DATA FOR THIS EXERCISE:
..........
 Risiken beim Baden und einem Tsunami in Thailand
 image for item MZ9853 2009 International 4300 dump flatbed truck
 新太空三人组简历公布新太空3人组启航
..........
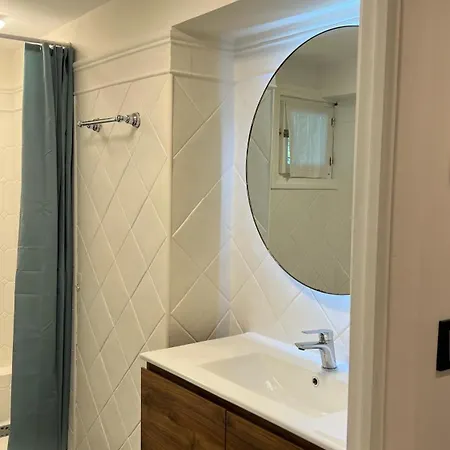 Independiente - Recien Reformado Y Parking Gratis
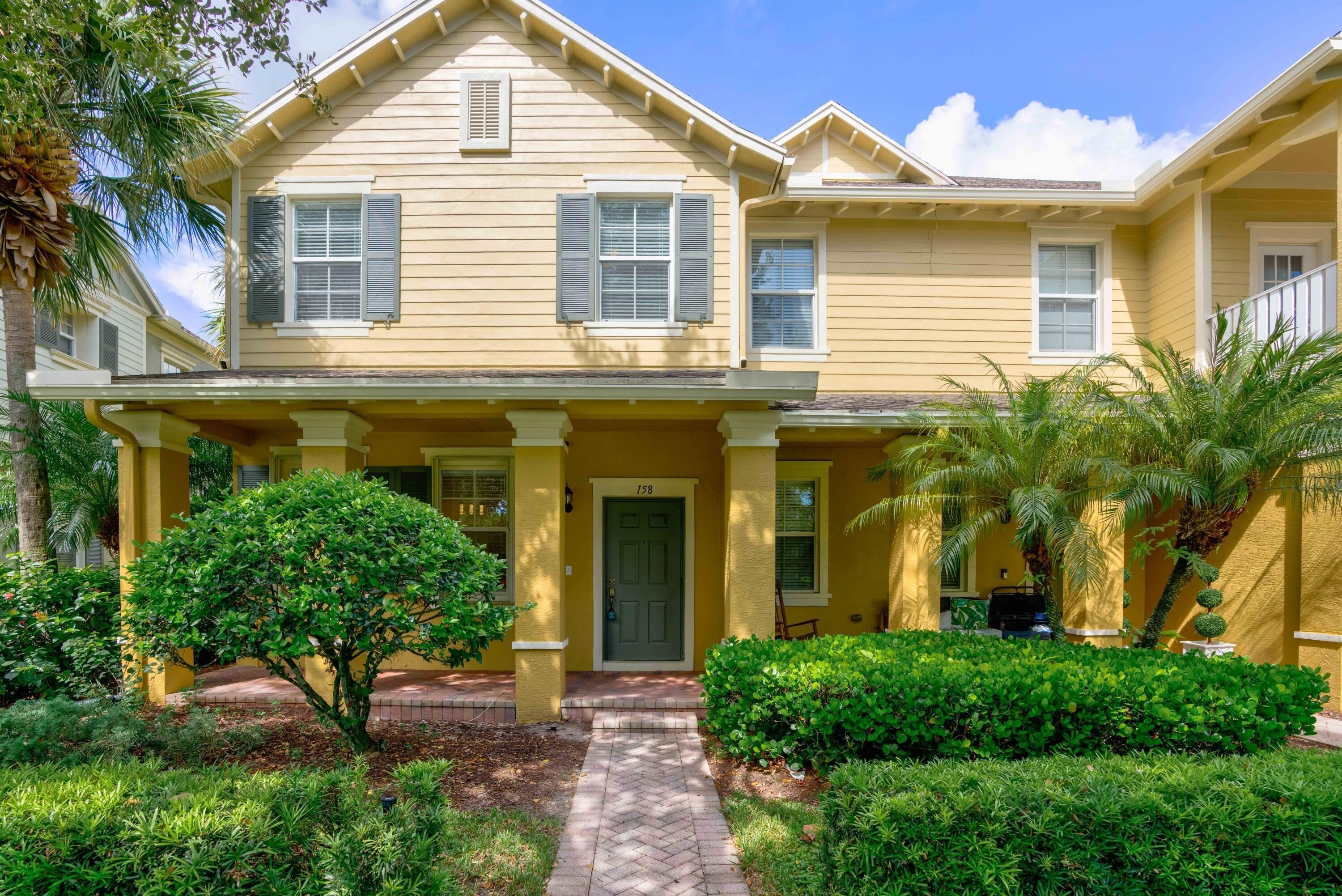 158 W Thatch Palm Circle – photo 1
..........
EXERCISE DESCRIPTION:
Please copy the lines in the records above between the one holding "Risiken beim Baden" and the one holding "新太空三人组简历公布新太空3人组启航", inclusive, exactly and with no other line.

ANSWER SPACE:
 Risiken beim Baden und einem Tsunami in Thailand
 image for item MZ9853 2009 International 4300 dump flatbed truck
 新太空三人组简历公布新太空3人组启航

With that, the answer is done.